> _Work required_:
Find the line containing "صور| المطر وعمال النظافة" in the entries below. Restate it and each line after it, word for word, up to and including the line containing "Kampala, Ouganda Acheter".

> _Task inputs_:
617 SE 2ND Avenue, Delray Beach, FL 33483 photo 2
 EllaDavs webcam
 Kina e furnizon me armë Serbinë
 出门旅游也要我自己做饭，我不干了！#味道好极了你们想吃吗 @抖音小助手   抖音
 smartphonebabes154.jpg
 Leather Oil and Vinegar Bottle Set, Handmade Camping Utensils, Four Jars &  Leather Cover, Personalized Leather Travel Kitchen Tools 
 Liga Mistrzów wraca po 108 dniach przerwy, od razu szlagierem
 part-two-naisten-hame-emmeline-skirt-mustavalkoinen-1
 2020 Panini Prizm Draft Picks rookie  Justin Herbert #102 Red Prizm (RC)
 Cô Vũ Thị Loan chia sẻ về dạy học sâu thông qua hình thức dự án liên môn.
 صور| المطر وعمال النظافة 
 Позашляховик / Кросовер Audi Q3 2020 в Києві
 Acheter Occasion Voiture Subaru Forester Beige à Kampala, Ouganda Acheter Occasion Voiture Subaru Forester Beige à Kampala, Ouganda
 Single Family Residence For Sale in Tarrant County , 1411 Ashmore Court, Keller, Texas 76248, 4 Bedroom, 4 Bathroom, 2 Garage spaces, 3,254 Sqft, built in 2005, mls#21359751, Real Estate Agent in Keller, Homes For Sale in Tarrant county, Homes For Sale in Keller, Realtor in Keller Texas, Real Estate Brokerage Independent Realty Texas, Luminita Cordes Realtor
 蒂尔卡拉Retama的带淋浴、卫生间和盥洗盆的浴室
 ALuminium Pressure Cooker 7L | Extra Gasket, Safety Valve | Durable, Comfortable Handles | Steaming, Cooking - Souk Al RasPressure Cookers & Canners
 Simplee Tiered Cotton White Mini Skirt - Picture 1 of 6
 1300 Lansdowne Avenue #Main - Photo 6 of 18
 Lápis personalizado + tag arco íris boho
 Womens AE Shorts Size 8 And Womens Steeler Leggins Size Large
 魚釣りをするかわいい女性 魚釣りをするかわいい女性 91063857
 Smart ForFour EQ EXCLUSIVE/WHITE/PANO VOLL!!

> _Response_:
 صور| المطر وعمال النظافة 
 Позашляховик / Кросовер Audi Q3 2020 в Києві
 Acheter Occasion Voiture Subaru Forester Beige à Kampala, Ouganda Acheter Occasion Voiture Subaru Forester Beige à Kampala, Ouganda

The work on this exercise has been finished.